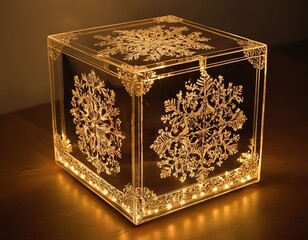 Decorative illuminated cube featuring intricate snowflake designs, creating a warm, enchanting...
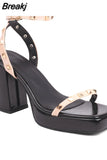 New Fashion 2023 Chunky High Heels Sandals Summer Ankle Buckle Riveted Design Ladies Sandals Comfy Walking Simply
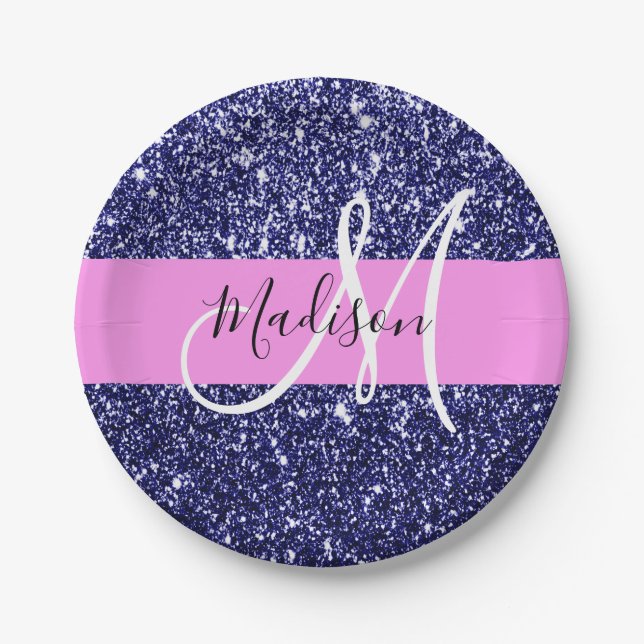 Glam Navy Blue Pink Glitter Sparkles Name Monogram Paper Plates (Front)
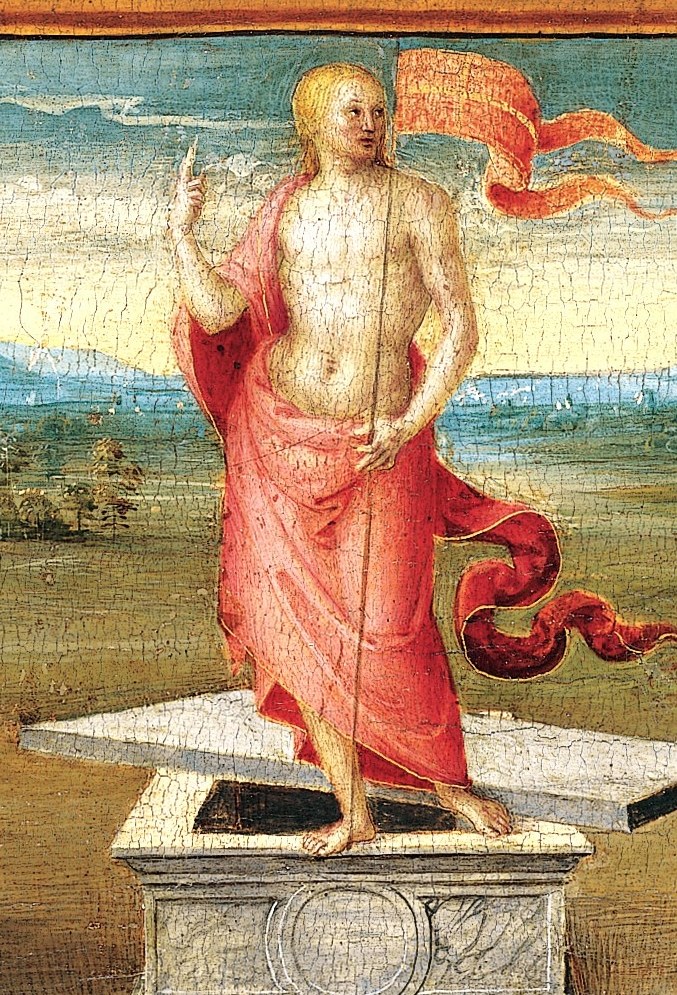 The compositional axis of the entire painting; the white robes contrasted against the red mantle create the dominant visual event and embody the moment of divine emergence.
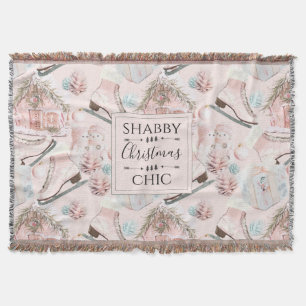 Lovely Shabby Chic Pink Christmas Pattern Throw Blanket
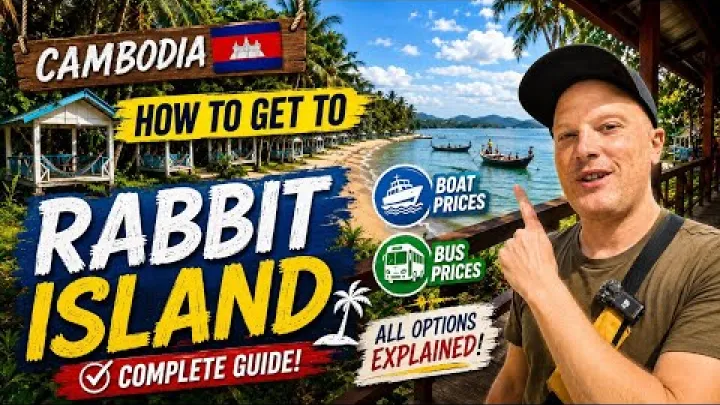 Preview image for the video "Sådan kommer du til Rabbit Island, Cambodja 🏝️ (Båd, bus og priser)".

▸ **TASK OBJECTIVE**:
Print exactly the lines from the line with "New Fashion 2023" through the end of the data, both ends included, and print no pictures.

▸ **ANSWER TO THE EXERCISE**:
 New Fashion 2023 Chunky High Heels Sandals Summer Ankle Buckle Riveted Design Ladies Sandals Comfy Walking Simply
 Glam Navy Blue Pink Glitter Sparkles Name Monogram Paper Plates (Front)
 The compositional axis of the entire painting; the white robes contrasted against the red mantle create the dominant visual event and embody the moment of divine emergence.
 Lovely Shabby Chic Pink Christmas Pattern Throw Blanket
 Preview image for the video "Sådan kommer du til Rabbit Island, Cambodja 🏝️ (Båd, bus og priser)".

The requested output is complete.